Indian art at Christie’s

M.F. Husain’s The battle of Ganga and Yamuna

Subhra Mazumdar

As regards the choice of works from India, the attempt has been “to present juxtapositions of what’s happening on the art scene in India”

A two-day public viewing of 24 art works, scheduled for the Christie’s South Asian Modern+Contemporary Art sale in New York on 20 March 2008, was held at The Oberoi, New Delhi, on 20-21 February. Judging by the exhibits on view, it was clear that the highlights of the forthcoming sale will reflect the different movements and styles that have been emerging in this region. As regards the choice of works from India, the attempt has been “to present juxtapositions of what’s happening on the art scene in India”, according to Christie’s international director, Asian Art, Hugo Weihe.

Even in the selection of the older masters, most are early works and belie the signature styles of their later years. A case in point is Ram Kumar’s ‘The Vagabond’ (1956), which he worked on immediately after his return from Paris, where his style had been influenced by the melancholic realism of his mentor Fernand Leger. The Tyeb Mehta too, is special, as it dates to the pre- Mahisasura period, suggestive of a transitional element. The early Raza is from his landscape period, sans the ‘bindu’.
Among the works of younger artists, the innovative choice of artistic mediums is intriguing. Atul Dodiya has exploited the strength of calligraphy, imprinting a Sanskrit couplet in Roman script on a canvas backdrop executed with charcoal and marble dust. Bharti Kher’s use of commercially manufactured felt bindis for art is a novel departure. Gigi Scaria’s large photograph, a distinct single, is an outdoor shot intermingled with a fantasy element in the form of a wooden horse.
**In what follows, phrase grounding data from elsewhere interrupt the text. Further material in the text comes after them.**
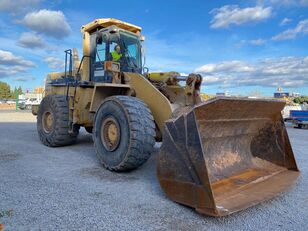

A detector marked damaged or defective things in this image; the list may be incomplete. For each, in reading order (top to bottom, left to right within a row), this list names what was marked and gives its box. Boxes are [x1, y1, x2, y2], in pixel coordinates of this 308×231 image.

rusty metal bucket [158, 96, 300, 216] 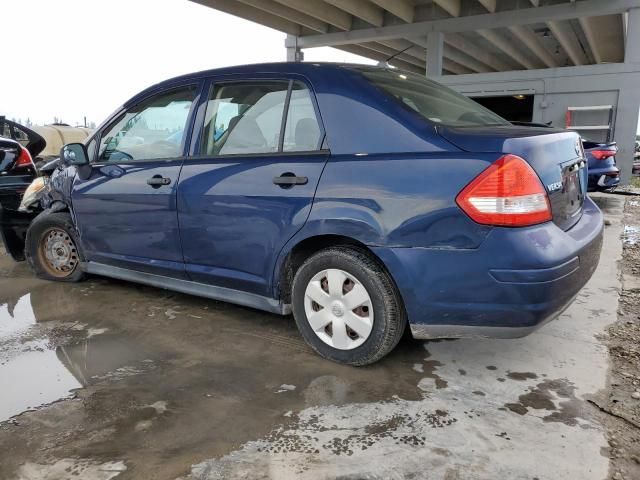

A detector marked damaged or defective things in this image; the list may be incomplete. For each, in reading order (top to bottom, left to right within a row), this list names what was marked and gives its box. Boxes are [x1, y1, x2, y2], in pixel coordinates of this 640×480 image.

damaged front bumper [0, 204, 37, 260] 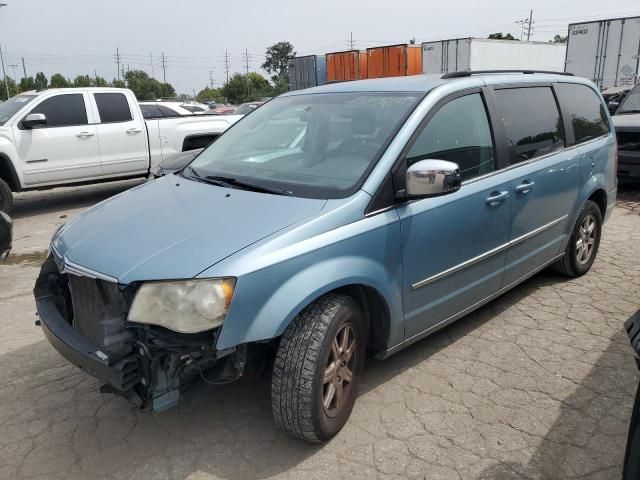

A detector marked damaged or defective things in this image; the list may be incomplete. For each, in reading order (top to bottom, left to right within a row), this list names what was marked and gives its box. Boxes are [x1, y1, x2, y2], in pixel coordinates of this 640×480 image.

crumpled hood [51, 177, 324, 284]
damaged front bumper [32, 256, 249, 410]
broken headlight assembly [127, 278, 235, 334] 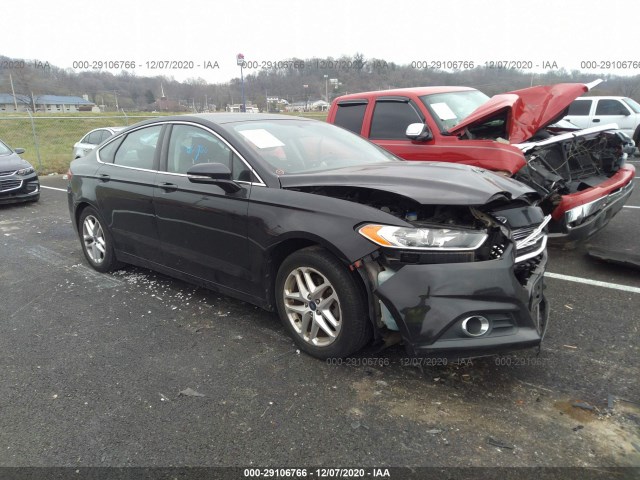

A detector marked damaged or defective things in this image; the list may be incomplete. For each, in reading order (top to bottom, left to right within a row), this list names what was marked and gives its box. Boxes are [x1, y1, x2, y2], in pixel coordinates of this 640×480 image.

crushed hood [448, 80, 604, 144]
crushed hood [280, 162, 536, 205]
damaged front end of car [286, 171, 552, 358]
broken headlight [358, 223, 488, 249] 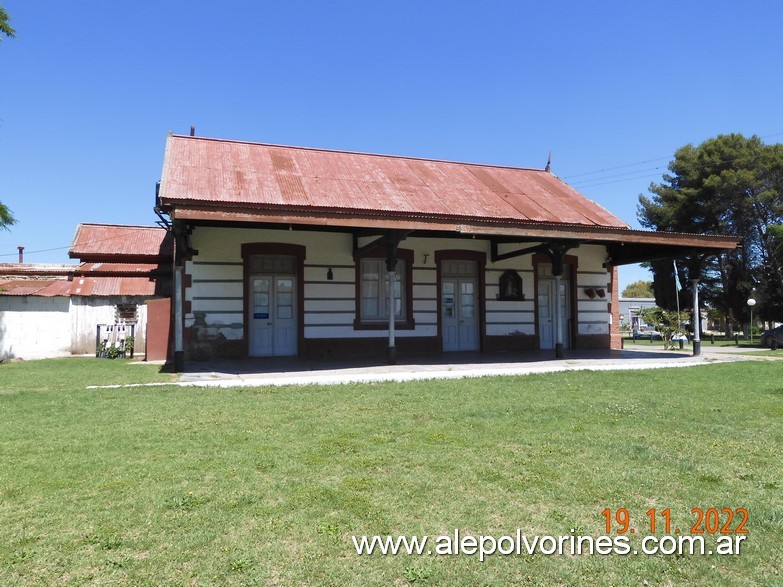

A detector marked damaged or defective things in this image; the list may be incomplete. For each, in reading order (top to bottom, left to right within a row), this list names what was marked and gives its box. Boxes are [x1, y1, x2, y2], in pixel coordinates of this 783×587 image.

rusty corrugated roof [158, 136, 632, 230]
rusty corrugated roof [69, 225, 175, 262]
Akbar Padamsee’s abstract work in bold reds and blacks is a distinct change from the surreal earlier works and V.S. Gaitonde’s large abstract is a signature offering. That younger artists are challenging their own strengths by moving away from tried themes is evident in the Jagannath Panda who, just an exhibition earlier, was noted for minimal and soft watercolours.

Rameshwar Broota has adopted a special technique of using a sharp blade to scratch the surface at select spots, suggestive of light and forms in an otherwise monotonal grey-brown surface. As was evident from this select showing, the Christie’s sale has a strong focus—it lies not in names or mediums but in the interpretation where, says Weihe, “the content is important, not the means of expression”.